» **Provided records**
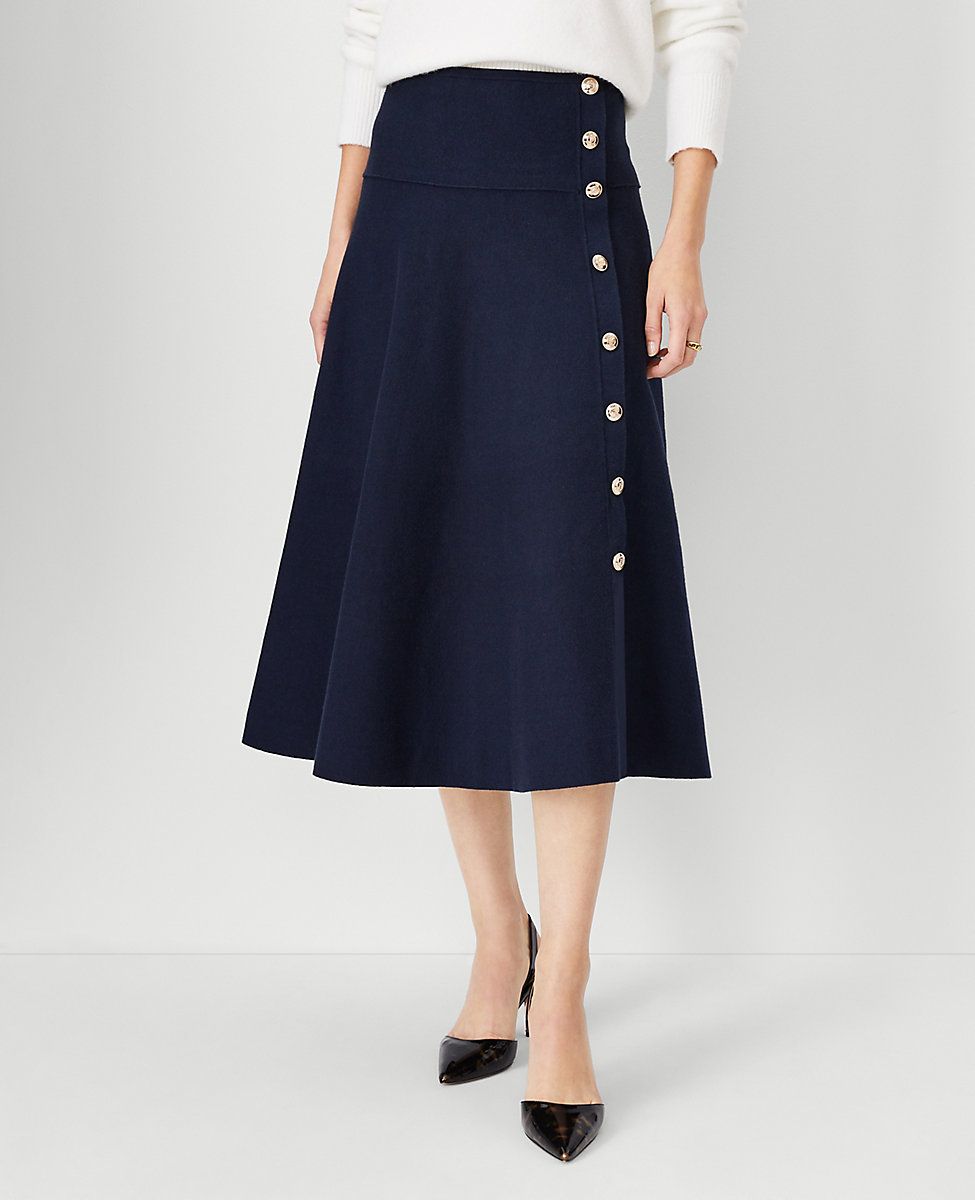Side Button Flare Skirt | Ann Taylor (US)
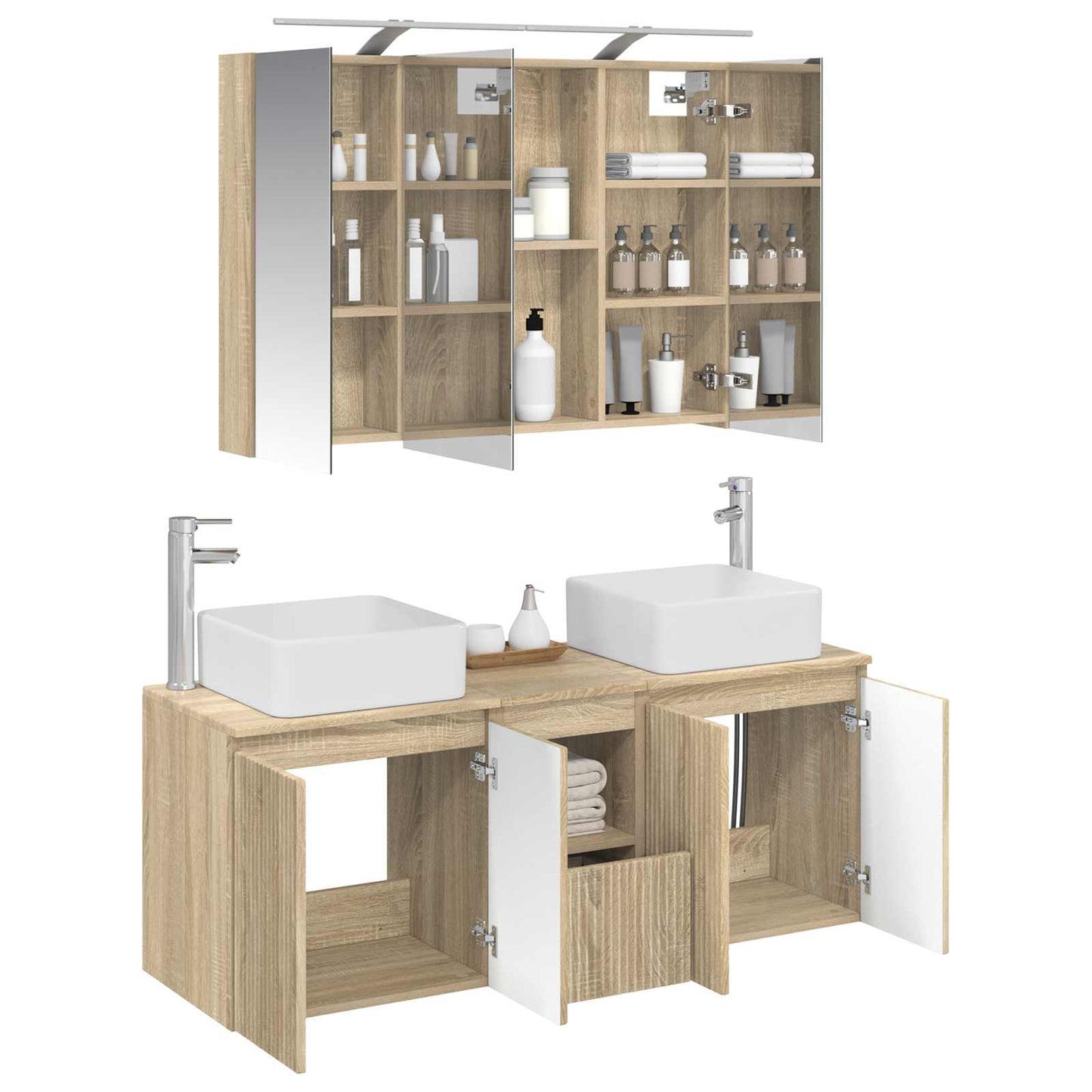 Bathroom Cabinet Set 4 pcs Sonoma Oak Engineered Wood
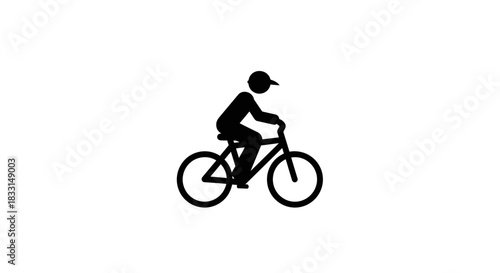 Cyclist Silhouette Simple Icon of a Person Riding a Bike.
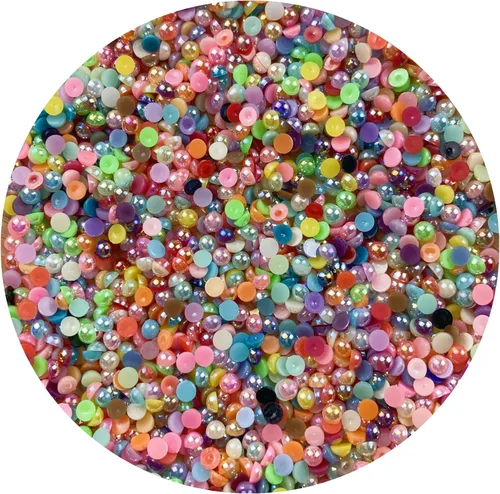 Vista 42 de 2000 piezas de cuentas de media perla de 3 mm para manualidades, cuentas de perla de parte trasera plana, cuentas semirredondas para joyería, arte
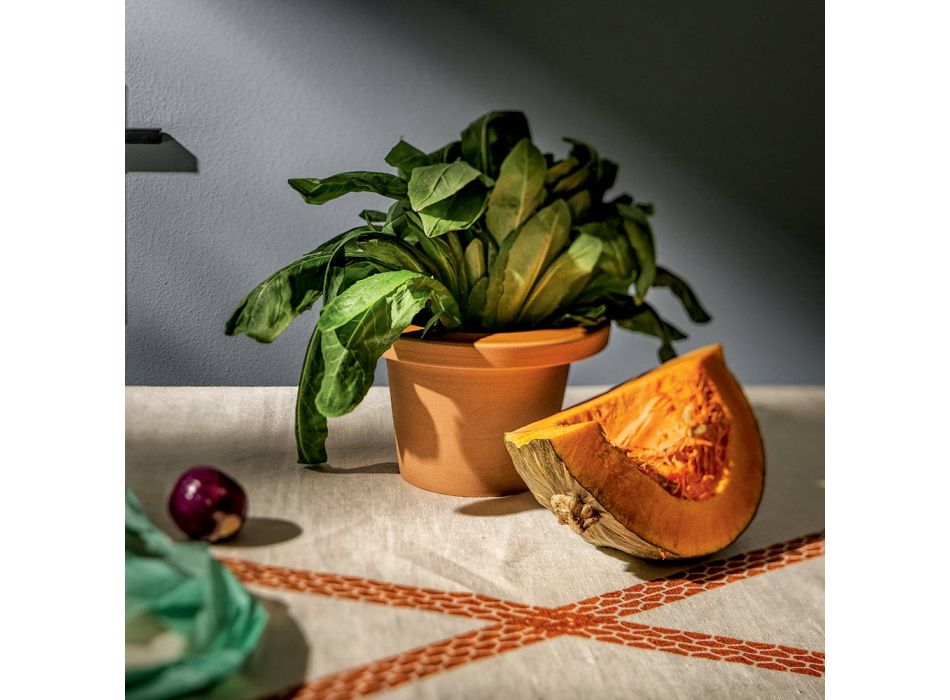 Soporte para jarrón de terracota y cerámica esmaltada Made in Italy - Phoebe Viadurini
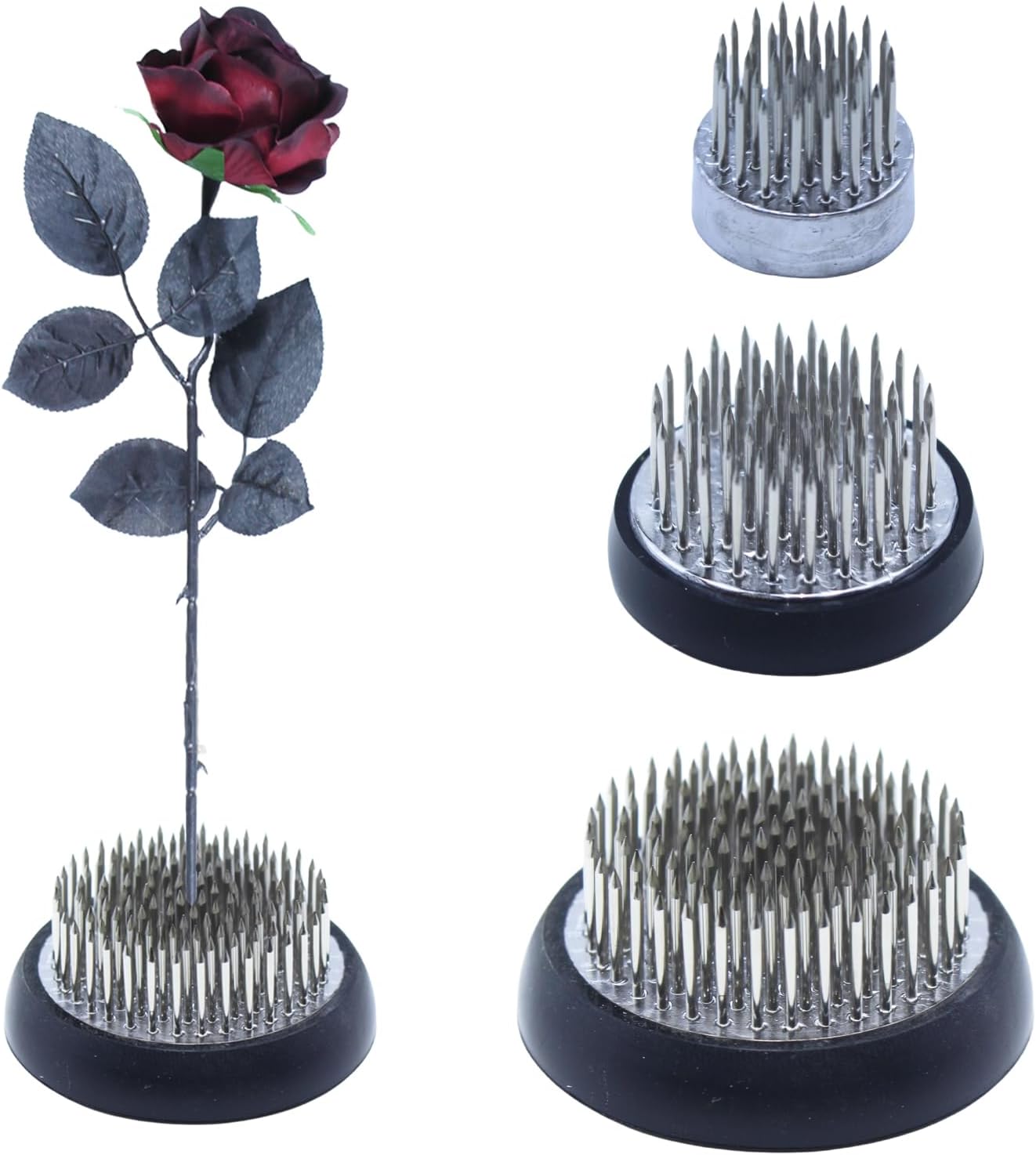 Kenzan de sapos florais de aco inoxidavel suporte de alfinetes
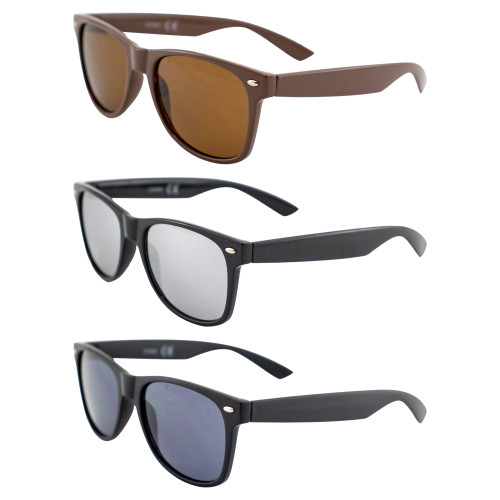 AlterImage Jive Sports Retro Sunglasses for Men or Women 3 Pair Brown Frame w/Brown Lenses & Black Frames w/Flash Mirror & Smoke Lenses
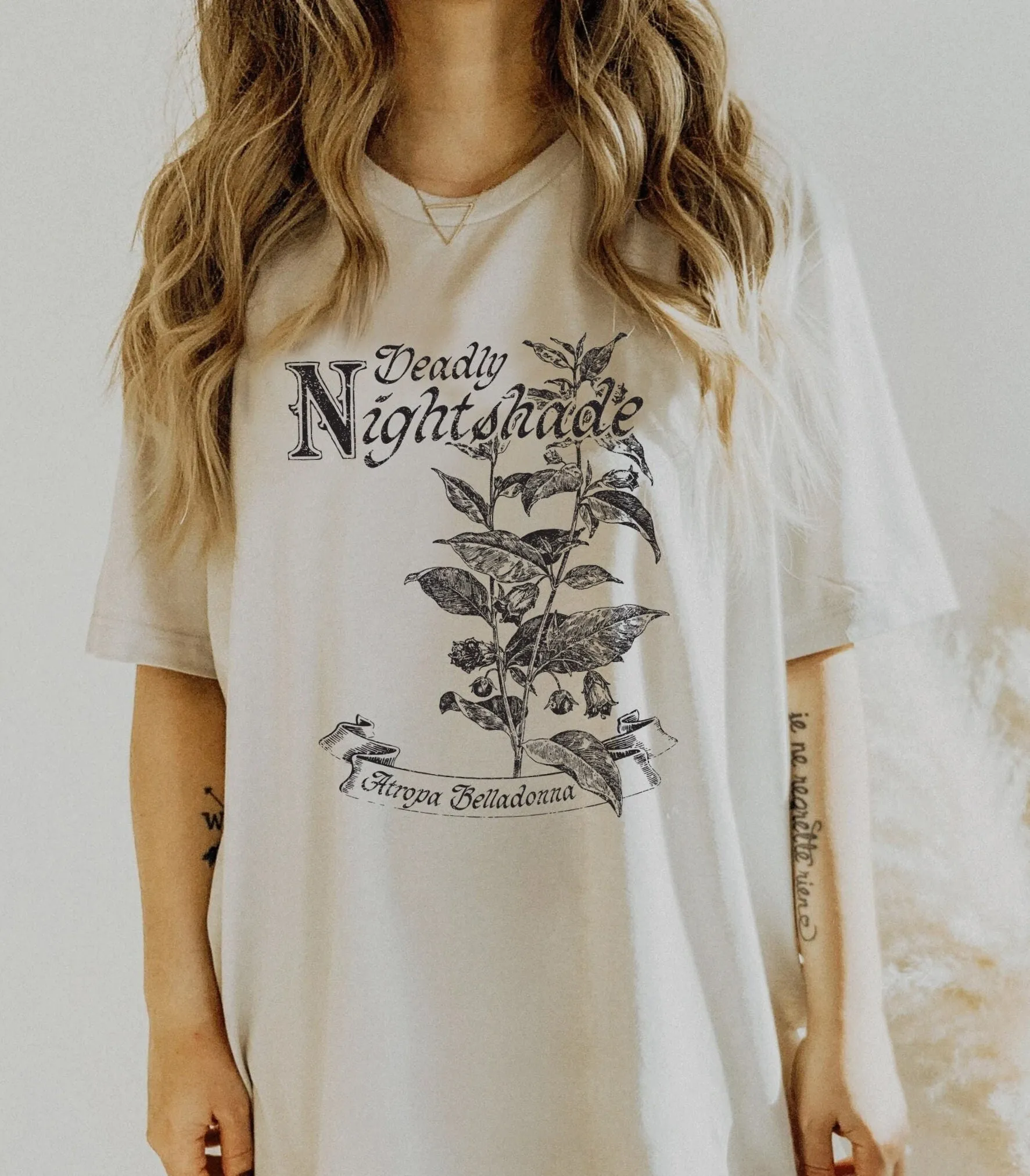 Deadly Nightshade T Shirt Dark Academia Clothing Witchy Goblincore Feminist Herbology Whimsigoth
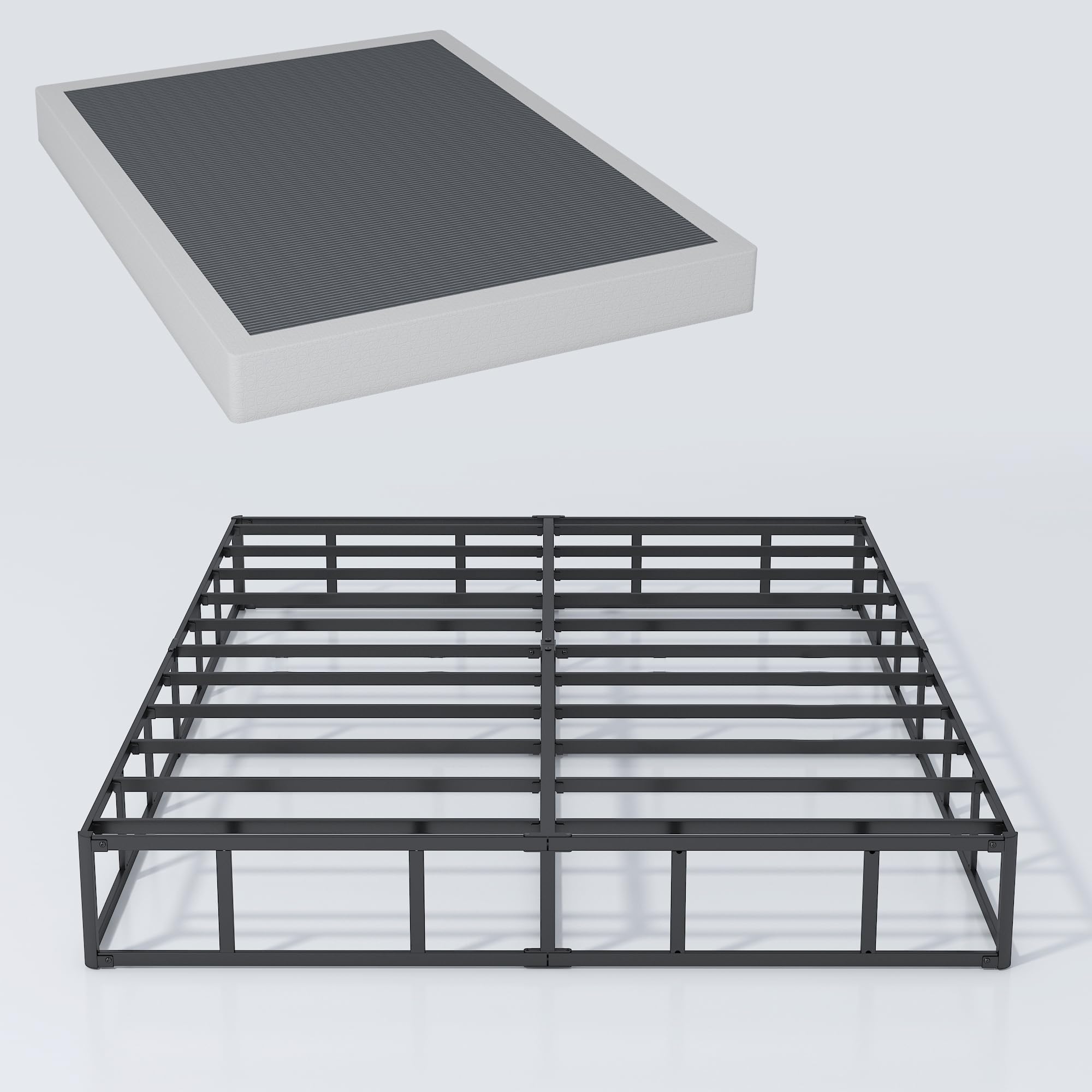 7 Inch King Size Box Spring - Sturdy Metal Mattress Foundation with Fabric Cover, Easy Assembly & Noise Free - Perfect for Bedroom, Guest Room & Dormitory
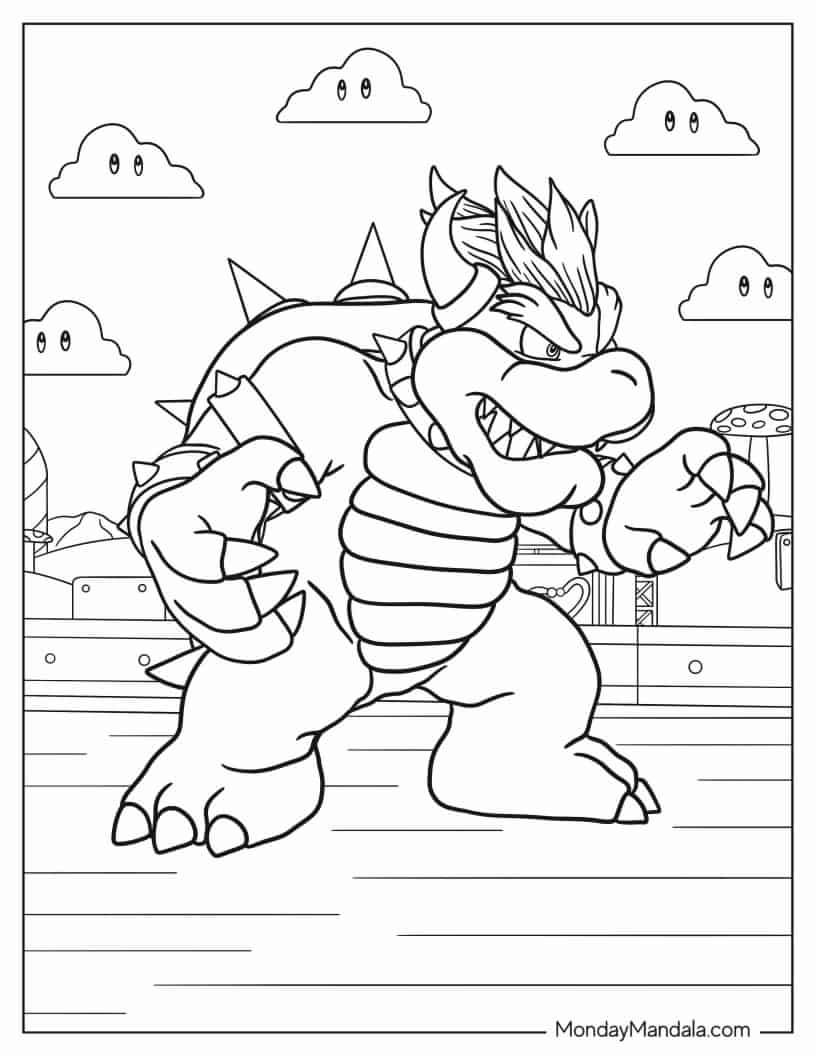 Çocuklar İçin Bowser Boyama Sayfaları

» **Exercise**
Please return the records as they stand, word for word, with no pictures.

» **Response area**
Side Button Flare Skirt | Ann Taylor (US)
 Bathroom Cabinet Set 4 pcs Sonoma Oak Engineered Wood
 Cyclist Silhouette Simple Icon of a Person Riding a Bike.
 Vista 42 de 2000 piezas de cuentas de media perla de 3 mm para manualidades, cuentas de perla de parte trasera plana, cuentas semirredondas para joyería, arte
 Soporte para jarrón de terracota y cerámica esmaltada Made in Italy - Phoebe Viadurini
 Kenzan de sapos florais de aco inoxidavel suporte de alfinetes
 AlterImage Jive Sports Retro Sunglasses for Men or Women 3 Pair Brown Frame w/Brown Lenses & Black Frames w/Flash Mirror & Smoke Lenses
 Deadly Nightshade T Shirt Dark Academia Clothing Witchy Goblincore Feminist Herbology Whimsigoth
 7 Inch King Size Box Spring - Sturdy Metal Mattress Foundation with Fabric Cover, Easy Assembly & Noise Free - Perfect for Bedroom, Guest Room & Dormitory
 Çocuklar İçin Bowser Boyama Sayfaları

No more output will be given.